Stefan Letz (IBM Deutschland Entwicklung GmbH), Roland Seiffert (IBM Deutschland Entwicklung GmbH)
Core technologies St. John 1

The Cell Broadband Engine processor, jointly developed by Sony, Toshiba, and IBM, combines one Power and eight Single Instruction Multiple Data (SIMD) cores, so-called Synergistic Processing Elements (SPEs), in a “supercomputer-on-a-chip”. Besides its intended use in next-generation game consoles, high-definition television sets, and Cell BE processor-based workstations, the processor is interesting for other application scenarios as well. One promising idea is to exploit Cell BE for function offload, where compute-intensive processing tasks are moved from application systems to specialized offload systems, enabling existing applications to benefit from the computing power of Cell BE.

An especially pressing subject in today’s application environments is the acceleration of XML processing. XML has emerged as the de facto standard for exchanging and handling data and information, but its processing still shows a tremendous lack of performance. In particular, XML parsing, the very basic step of processing XML, increases the load on application systems that are already at their limits.

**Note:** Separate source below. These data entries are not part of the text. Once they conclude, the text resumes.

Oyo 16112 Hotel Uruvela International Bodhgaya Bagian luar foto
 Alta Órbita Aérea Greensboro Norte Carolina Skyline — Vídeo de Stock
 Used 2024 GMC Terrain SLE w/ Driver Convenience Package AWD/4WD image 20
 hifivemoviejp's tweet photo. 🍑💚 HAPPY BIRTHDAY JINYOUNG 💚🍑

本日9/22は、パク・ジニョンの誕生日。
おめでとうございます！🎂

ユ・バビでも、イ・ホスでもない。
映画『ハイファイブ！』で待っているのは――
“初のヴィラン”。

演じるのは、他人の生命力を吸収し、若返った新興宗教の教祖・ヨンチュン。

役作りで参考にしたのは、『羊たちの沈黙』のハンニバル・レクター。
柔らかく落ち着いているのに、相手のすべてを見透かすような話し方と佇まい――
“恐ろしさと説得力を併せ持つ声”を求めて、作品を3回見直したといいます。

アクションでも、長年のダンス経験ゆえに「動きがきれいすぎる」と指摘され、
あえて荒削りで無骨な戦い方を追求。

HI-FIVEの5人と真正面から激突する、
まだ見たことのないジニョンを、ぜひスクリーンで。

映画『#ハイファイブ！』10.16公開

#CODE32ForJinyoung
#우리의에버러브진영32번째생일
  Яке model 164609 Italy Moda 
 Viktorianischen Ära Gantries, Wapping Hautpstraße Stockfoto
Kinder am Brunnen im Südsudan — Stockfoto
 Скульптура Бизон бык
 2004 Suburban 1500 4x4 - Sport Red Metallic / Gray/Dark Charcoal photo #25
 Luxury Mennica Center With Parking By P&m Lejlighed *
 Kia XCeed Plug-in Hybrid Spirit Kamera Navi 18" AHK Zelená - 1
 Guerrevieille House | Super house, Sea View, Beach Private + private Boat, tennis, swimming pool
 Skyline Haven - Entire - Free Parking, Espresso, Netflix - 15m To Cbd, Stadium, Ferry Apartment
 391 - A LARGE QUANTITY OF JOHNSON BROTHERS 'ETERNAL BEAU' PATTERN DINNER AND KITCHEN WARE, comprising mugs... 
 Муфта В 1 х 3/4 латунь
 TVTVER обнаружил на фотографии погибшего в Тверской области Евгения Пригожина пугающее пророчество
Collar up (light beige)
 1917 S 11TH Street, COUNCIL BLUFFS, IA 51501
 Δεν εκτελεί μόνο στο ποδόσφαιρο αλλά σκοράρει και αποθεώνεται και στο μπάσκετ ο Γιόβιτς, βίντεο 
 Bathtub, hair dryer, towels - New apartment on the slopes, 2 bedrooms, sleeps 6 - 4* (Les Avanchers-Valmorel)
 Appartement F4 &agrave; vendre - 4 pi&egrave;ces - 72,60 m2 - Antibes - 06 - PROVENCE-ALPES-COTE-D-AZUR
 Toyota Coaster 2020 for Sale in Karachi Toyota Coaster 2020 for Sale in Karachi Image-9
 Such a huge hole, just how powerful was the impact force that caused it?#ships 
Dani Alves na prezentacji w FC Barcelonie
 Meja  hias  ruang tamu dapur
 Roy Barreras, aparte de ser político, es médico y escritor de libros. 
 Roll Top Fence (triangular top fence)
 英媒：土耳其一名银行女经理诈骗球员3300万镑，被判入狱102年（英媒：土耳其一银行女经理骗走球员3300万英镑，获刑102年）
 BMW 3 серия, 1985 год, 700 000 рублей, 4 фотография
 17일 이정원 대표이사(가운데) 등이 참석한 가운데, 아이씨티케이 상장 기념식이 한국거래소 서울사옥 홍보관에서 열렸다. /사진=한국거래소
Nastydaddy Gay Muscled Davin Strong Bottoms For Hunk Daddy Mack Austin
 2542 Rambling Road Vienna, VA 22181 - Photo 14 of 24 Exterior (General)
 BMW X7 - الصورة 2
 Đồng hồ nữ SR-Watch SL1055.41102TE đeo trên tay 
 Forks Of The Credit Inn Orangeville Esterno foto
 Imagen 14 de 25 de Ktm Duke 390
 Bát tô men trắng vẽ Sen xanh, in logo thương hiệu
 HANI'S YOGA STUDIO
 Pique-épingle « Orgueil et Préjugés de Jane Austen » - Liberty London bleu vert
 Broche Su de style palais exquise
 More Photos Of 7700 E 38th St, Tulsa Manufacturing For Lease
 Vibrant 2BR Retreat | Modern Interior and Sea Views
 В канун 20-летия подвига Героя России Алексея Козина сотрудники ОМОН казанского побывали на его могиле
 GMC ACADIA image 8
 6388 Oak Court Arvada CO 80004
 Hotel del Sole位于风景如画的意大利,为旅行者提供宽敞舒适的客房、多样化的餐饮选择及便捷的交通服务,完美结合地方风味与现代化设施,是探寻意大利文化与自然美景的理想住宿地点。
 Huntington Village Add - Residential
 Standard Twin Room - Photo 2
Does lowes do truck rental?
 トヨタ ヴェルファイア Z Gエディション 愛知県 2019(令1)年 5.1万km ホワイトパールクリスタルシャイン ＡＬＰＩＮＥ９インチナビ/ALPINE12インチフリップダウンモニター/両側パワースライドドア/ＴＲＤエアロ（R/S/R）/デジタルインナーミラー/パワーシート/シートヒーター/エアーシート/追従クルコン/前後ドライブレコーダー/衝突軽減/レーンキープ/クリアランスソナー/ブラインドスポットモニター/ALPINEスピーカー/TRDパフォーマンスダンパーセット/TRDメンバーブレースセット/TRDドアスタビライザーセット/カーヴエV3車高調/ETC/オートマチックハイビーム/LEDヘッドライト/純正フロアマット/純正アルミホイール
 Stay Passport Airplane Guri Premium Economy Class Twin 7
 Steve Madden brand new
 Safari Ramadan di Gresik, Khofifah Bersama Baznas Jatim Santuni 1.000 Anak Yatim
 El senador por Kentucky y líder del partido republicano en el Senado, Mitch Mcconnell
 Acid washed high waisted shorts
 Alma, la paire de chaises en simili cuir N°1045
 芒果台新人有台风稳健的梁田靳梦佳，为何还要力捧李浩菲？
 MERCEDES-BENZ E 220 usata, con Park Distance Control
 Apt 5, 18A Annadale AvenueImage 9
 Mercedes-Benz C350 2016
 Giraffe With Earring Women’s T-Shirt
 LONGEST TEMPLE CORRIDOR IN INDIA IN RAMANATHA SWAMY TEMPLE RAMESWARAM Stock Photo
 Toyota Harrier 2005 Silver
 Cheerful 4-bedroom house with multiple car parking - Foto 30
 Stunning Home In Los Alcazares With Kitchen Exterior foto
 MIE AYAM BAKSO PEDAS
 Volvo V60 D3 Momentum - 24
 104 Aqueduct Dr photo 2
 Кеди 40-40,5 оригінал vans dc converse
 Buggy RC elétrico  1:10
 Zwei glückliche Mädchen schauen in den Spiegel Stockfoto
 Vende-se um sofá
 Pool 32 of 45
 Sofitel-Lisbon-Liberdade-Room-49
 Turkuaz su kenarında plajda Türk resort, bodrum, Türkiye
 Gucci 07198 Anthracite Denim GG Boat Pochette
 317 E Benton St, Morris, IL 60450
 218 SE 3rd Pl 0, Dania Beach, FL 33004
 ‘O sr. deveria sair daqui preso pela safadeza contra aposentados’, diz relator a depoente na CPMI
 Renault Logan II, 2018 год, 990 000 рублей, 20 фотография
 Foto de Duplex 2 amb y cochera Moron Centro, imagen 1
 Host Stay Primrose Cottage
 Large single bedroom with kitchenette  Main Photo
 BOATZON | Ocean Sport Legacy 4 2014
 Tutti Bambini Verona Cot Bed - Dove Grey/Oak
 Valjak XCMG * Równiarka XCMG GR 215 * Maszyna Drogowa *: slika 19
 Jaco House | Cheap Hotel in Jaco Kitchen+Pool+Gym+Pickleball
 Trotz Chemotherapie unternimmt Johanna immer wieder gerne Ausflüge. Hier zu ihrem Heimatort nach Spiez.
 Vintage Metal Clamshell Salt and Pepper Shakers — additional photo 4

This paper describes the design, prototype implementation, and evaluation of a system architecture for XML offload to a Cell BE processor-based system, bringing together a new powerful processor technology and an increasingly important software technology that suffers from its performance problem. The presented system architecture consists of two elements: a basic infrastructure and specialized offload services such as an accelerator parser service. The infrastructure provides means to move processing tasks from application systems to designated offload systems, and is made up of three components: a client, a server, and a communication interface. The client transparently integrates into existing Java parser interfaces, namely the Java API for XML Processing (JAXP). The server provides various offload services including XML parser services. Client and server communicate via a flexible event-based communication interface. The main focus of the infrastructure is on transparent integration and flexibility. In order to obtain optimal XML parsing performance, the accelerator parser service must fit well to the Cell BE processor. We choose an approach based on a novel enhanced finite state technology. The resulting parser can be fit into the relatively small, fast local memory of the SPEs.

The evaluation of the infrastructure discloses a surprising bottleneck in existing Java parser interfaces. The major causes of this problem are inherent restrictions of the Java programming language, like the absence of C++-style pointers. The problem presents a serious roadblock for various Java-based offload and acceleration scenarios, even beyond XML parsing. In the paper, we briefly present our findings and some approaches that could solve the problem, but don’t have conclusive results yet. Further work is required. We were, however, able to demonstrate significant performance gains for XML parsing by exploiting the Cell BE processor with a novel approach to parsing technology. In non-Java scenarios, this accelerator can be used to realize high-performance XML offload and accelerator solutions. Currently, our accelerator parser provides over three times the throughput on a Cell BE processor-based system than libxml, one of the fastest existing XML parsers, on a comparable Intel-based computer system. Further work to improve the parser’s performance is in progress.

In contrast to our presentation at the XML 2005 Conference, this paper focuses on the accelerator parser service and goes into detail about its design and implementation.